Baidlowi also said the draft amendment would revisit the independency of BI, saying “We often say that BI is independent, but it is like a country within a country. So, it needs to be changed by introducing a coordination mechanism between BI and the government.

 

Investment, financing key to sustaining agriculture
The Jakarta Post, p. 1 

The Indonesian agriculture sector is in desperate need of increased investment and financing, despite having proven resilient during the pandemic. The agriculture sector grew 2.19 percent year-on-year in the second quarter of this year, at a time when Indonesia's GDP contracted 5.3 percent.
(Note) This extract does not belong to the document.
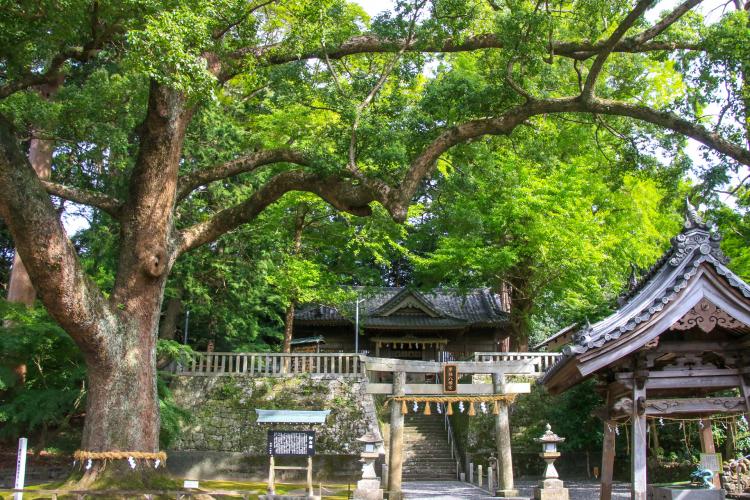 事任八幡宮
"These promising figures demonstrate that agriculture can become a powerful engine to resuscitate the economy. Not only has the sector proven its hardiness during the crisis, it has the potential to create additional jobs and employ millions more workers," said Agriculture Minister Syahrul Yasin Limpo during a virtual talk hosted by The Jakarta Post.

However, the sector has suffered from a low appetite for investment, especially from foreign investors. In 2019, foreign direct investment (FDI) in the sector accounted for just 3 percent of total FDI, according to data from the Investment Coordinating Board (BKPM).

Felippa Amanta, the head of research at the Center for Indonesian Policy Studies (CIPS), said investment in agricultural innovation could boost farmers’ productivity. As many as 20,000 farmers who have partnered with food and beverage company PT Nestlé Indonesia for more than 30 years in Lampung have produced 1.2 tons coffee per hectare each year, according to the think tank’s 2019 study. Their productivity has doubled from 0.5 tons per ha.

Despite being an agricultural powerhouse, Indonesia has seen productivity decline for some crops, including the country’s main staple, rice, with productivity dropping 1.74 percent to 5.65 tons per ha in 2019 from 2018, according to data from Statistics Indonesia (BPS).